The readBit function pulls the line low for about 1.5 microsecond and measures the line state at around 12.5 microseconds. The total slot time is around 630 microseconds.  Again it is better to use busy waits as the time periods are short and need to be repeatable. 

A logic analyzer shows the typical pattern of bits from the device:

 

data

The narrow initial low pulse corresponding to a one slot is 1.5 microseconds and the longer low pulses corresponding to a zero slot is 28 microseconds with the slot lasting 690 microseconds. 

After using the program for a lot of measurements it turns out the a loop time of 450 iterations reduces the error rate considerably. It seems earlier is better. 

Initiating A Temperature Conversion

Our next task is to send a Convert command 0x44.

This starts the DS18B20 making a temperature measurement. Depending on the resolution selected this can take as long as 750ms. How the device tells the master that the measurement has completed depends on the mode it is operating in but using an external power line, i.e. not using parasitic mode, the device sends a zero bit in response to a bit read until it is completed when it sends a 1. 

As we already have a readBit function this is easy.

The software polls for the completion by reading the bus until it gets a 1 bit:

int convert(){
 int i;
 writeByte(0x44);
 for(i=1;i<1000;i++){
  usleep(10000);
  if(readBit()==1)break;
 };
 return (i==1000);
}

You can of course test the return value to check that the result has been obtained.

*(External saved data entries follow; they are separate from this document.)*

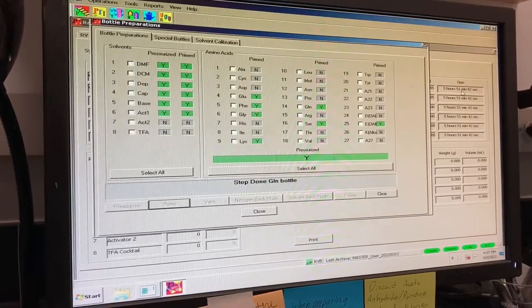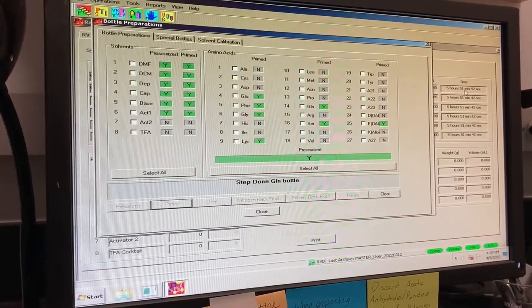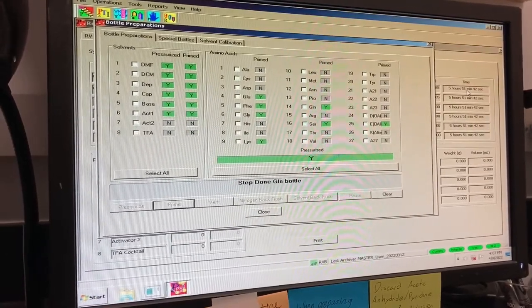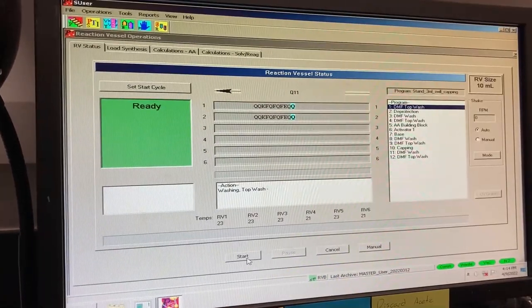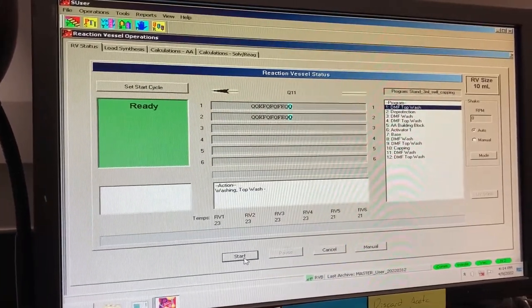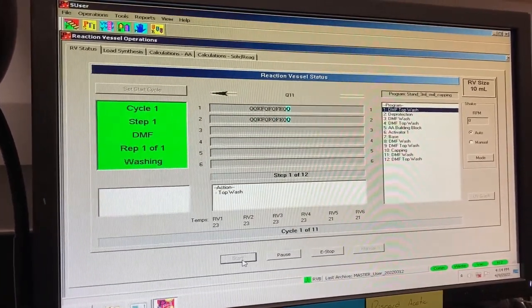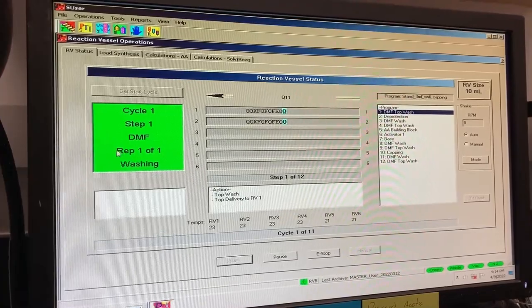Once all the bottles are pressurized and primed, return to the RV status page and click start. If there are no errors, the window on the left will change from ready to cycle one.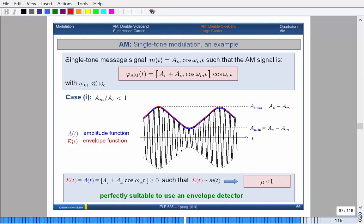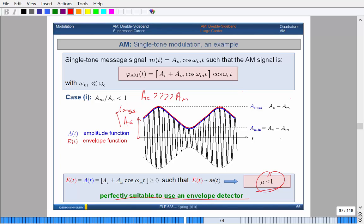The first case is when the message amplitude is much smaller than the carrier — A_C is much larger than A_M. The DC offset A_C is large, so the message varies very small around it. In that case, the envelope stays above the horizontal axis and you can certainly use an envelope detector — none of the AM wave will dip below zero. So the modulation index will be less than one, and it's perfectly suitable for an envelope detector.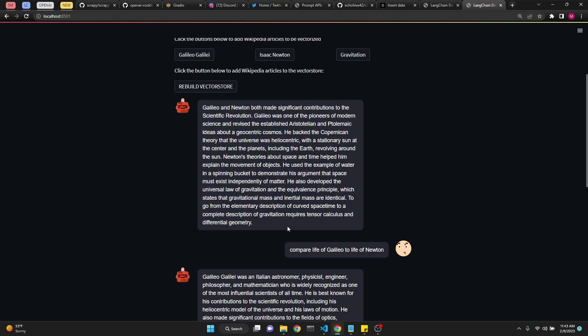So thank you for watching. Please join our Discord. I'll put the link in the description. The code is available for Patreon followers. I'll put that in the link as well. Please do subscribe if you're enjoying the content. See you next time.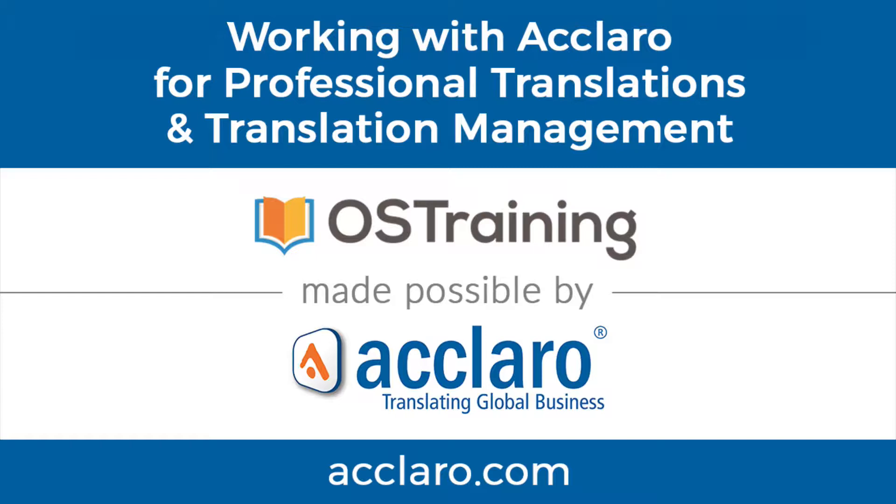In our last video we talked about connecting Aclaro with WPML for translation management. In this video we're going to take a look at how to make it work.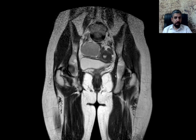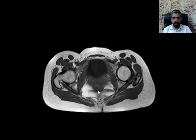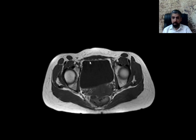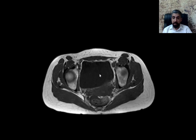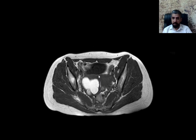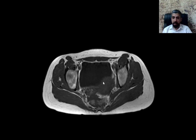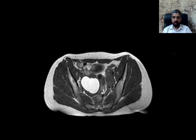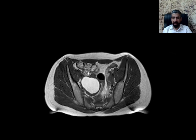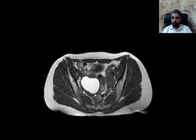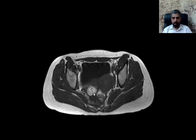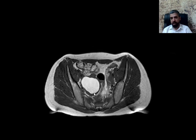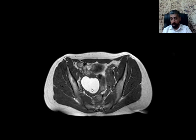Now let's look at the T1-weighted images. This is the axial T1-weighted image — you can see the urine in the urinary bladder is dark, because fluid is dark on T1-weighted images. And you can see this is the lesion we discussed on the T2-weighted images. It is hyperintense — it's bright.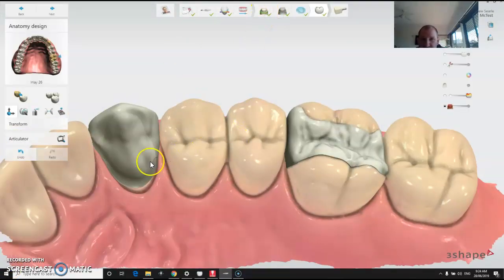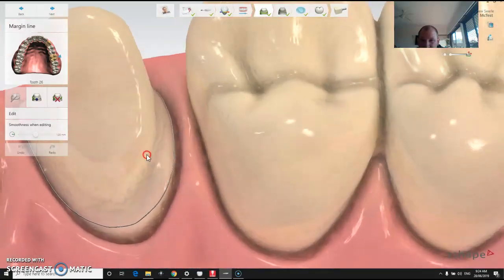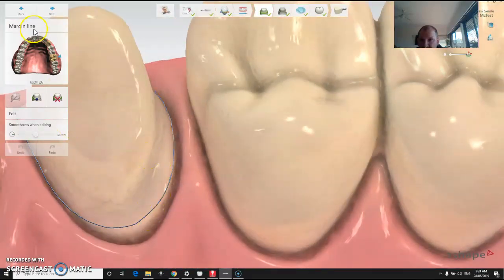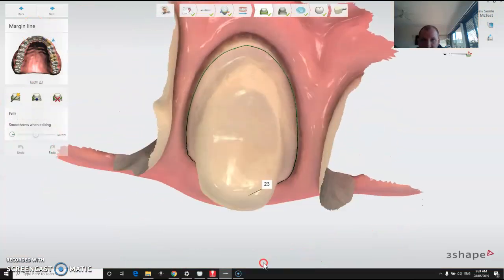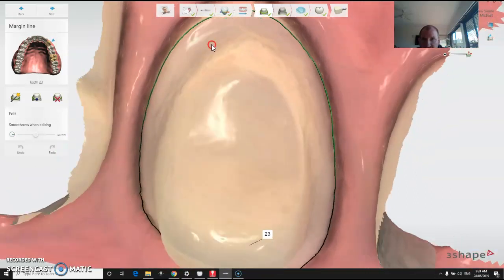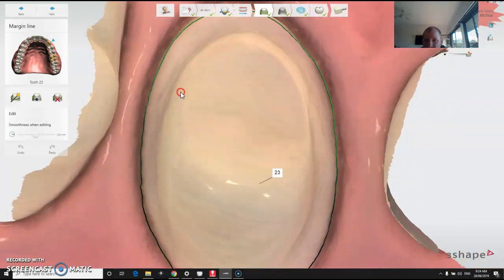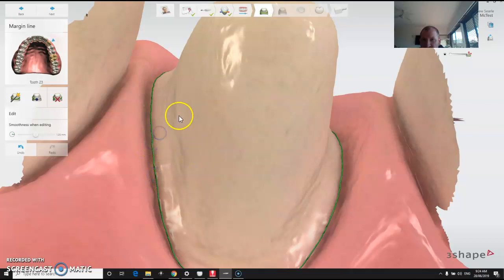After you've done your scan — I've already semi-designed these here — the next step is the margin tab, where you start drawing your margin. You can adjust it depending on what tooth you've got highlighted, to make sure your margin's correct. It will try to auto-detect the margin, and if it doesn't have any luck, you can manually go around and fix bits and pieces of the margin.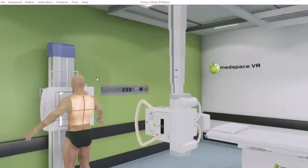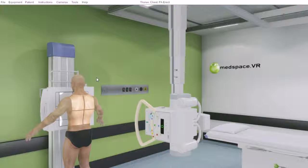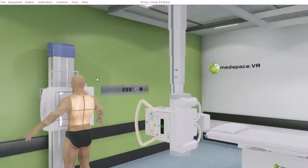In this tutorial we will be covering an introduction to the Medspace XR environment. Medspace XR is a virtual reality x-ray room where students can safely practice the process of performing radiographic projections.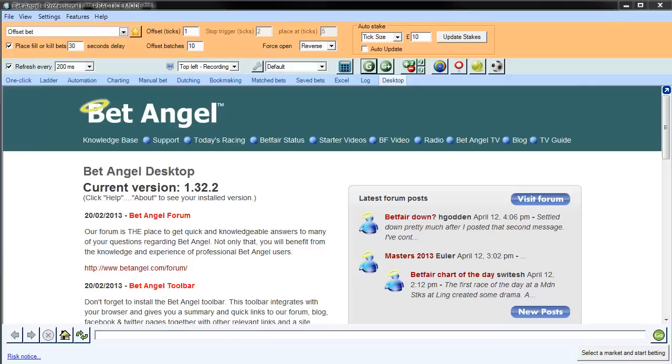We have a wonderful feature in BetAngel called Guardian, and you can access Guardian from just clicking up here. The reason I'm showing you in this video is because we are constantly making enhancements, especially to the automation function. You may not be aware of some of those, so I'll demonstrate one of those new features to you.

When the function returns the new temperature measurement is stored in the devices scratchpad memory and now all we have to do is read this. 

Reading The Scratchpad

The scratchpad memory has nine bytes of storage in total and does things like control the accuracy of conversion and provide status information. However in our simple example the only two bytes of any great interest are the first two - which hold the result of a temperature conversion. 

Before we move on to read the scratchpad we need a function that will read a byte. As in the case of writing a byte there is no time criticality in the time between reading bits so we don't need to take extra special care in constructing the function;

int readByte(){
 int byte=0;
 int i;
 for(i=0;i<8;i++){
  byte=byte | readBit()<< i;
 };
 return byte;
}

The only difficult part is to remember that the 1-wire bus sends the least significant bit first and so this has to be shifted into the result from the right. 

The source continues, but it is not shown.